The Fraser Institute has come out against changes to uninsured mortgage lending regulations proposed by the Office of the Superintendent of Financial Institutions (OSFI), saying that the changes could be detrimental to the residential mortgage market.
In a study called Uninsured Mortgage Regulation: From Corporate Governance to Prescription, public policy consultant Neil Mohindra takes an in-depth look at OSFI's proposal to stress test home buyers with uninsured mortgages by requiring them to qualify for a mortgage rate that’s two percentage points higher than their actual rate.
OSFI's proposal is an attempt to reduce the risk to the Canadian economy posed by mortgage defaults. It mirrors a similar move made last year in which a stress test was introduced on insured mortgages. However, Mohindra argues that this change would come with several negative effects — consequences that would be worse for the residential real estate market than if OSFI keeps the rules the same.

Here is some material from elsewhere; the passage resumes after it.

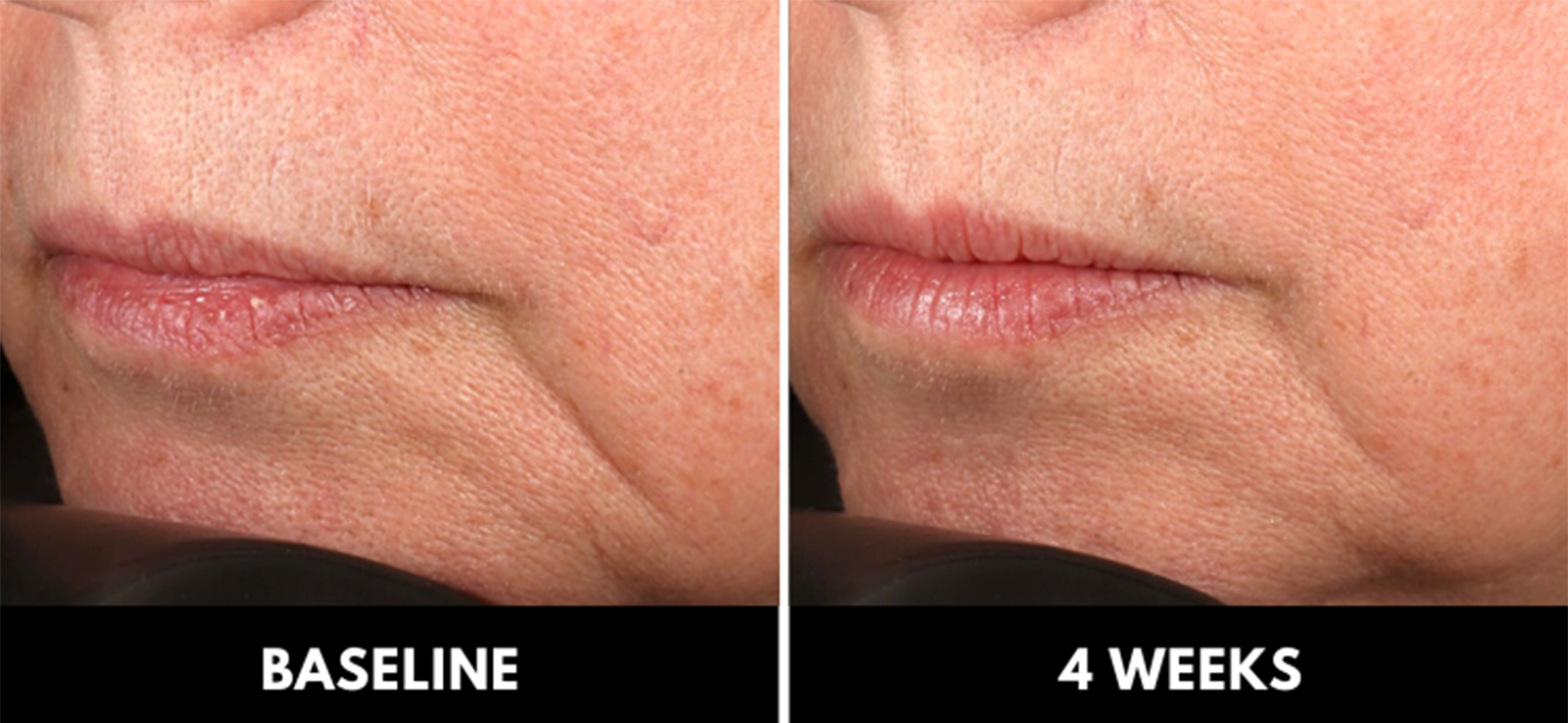 figure 4: representative image of visible softening of marionette lines at baseline (left) and 28 days treatment with CelluCap R (right).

“This proposed stress test for financially sound homebuyers is unnecessary and will do
more harm than good — Canadian homebuyers will pay the price,” Mohindra says in his report.
His core argument is simple: Canadians may owe a lot of money, but they have a great track record of paying off their debt, too. The rate of mortgage arrears in Canada has remained below 0.45% since 2002. For context, the rate of mortgage arrears in the U.S. during the 2009 financial crisis was nearly 5%.
What’s worse, Mohindra says, is that the new rules could actually make things worse for homebuyers in five ways:
It could be harder for potential homebuyers to access mortgages (especially higher priced ones in cities such as Toronto)
It could force some homebuyers to settle for a less-desirable home, instead of the one they want
More homebuyers will turn to less-regulated mortgage companies, which are funded by private investors and can result in higher interest rates
More homebuyers may be encouraged to choose short-term variable rate mortgages which are more vulnerable to fluctuating interest rates than longer fixed-rate mortgages
The mortgage industry could become less competitive as smaller lenders would struggle to stay in business with less qualifying borrowers
While these are all valid points, it’s not objectively clear that these consequences would necessarily “do more harm than good,” as Mohindra concludes. For example, the consequence of forcing homebuyers to settle for homes they don’t prefer isn’t really bad for the Canadian economy. Most homebuyers have to compromise in some way or another when shopping for a home
Secondly, if all it takes is a small interest rate increase to make housing unaffordable — well, then that suggests many Canadians who have bought actually can’t really afford a home. They can only do so because of unrealistically low interest rates.
If people are buying houses only because they can afford them with a mortgage rate at 2.5%, but can’t afford that same home at 5%, then Canada has a serious problem. And it’s better to fix it then allow this problem to fester — the way many allowed the same problem to fester south of the border a decade ago.
Regardless of how likely Mohindra’s predictions are to come true, others — mainly economists and those in the housing industry — have also criticized the new OSFI rules. OSFI is set to release the updated mortgage lending guidelines at the end of October, and they’ll go into effect a few months later.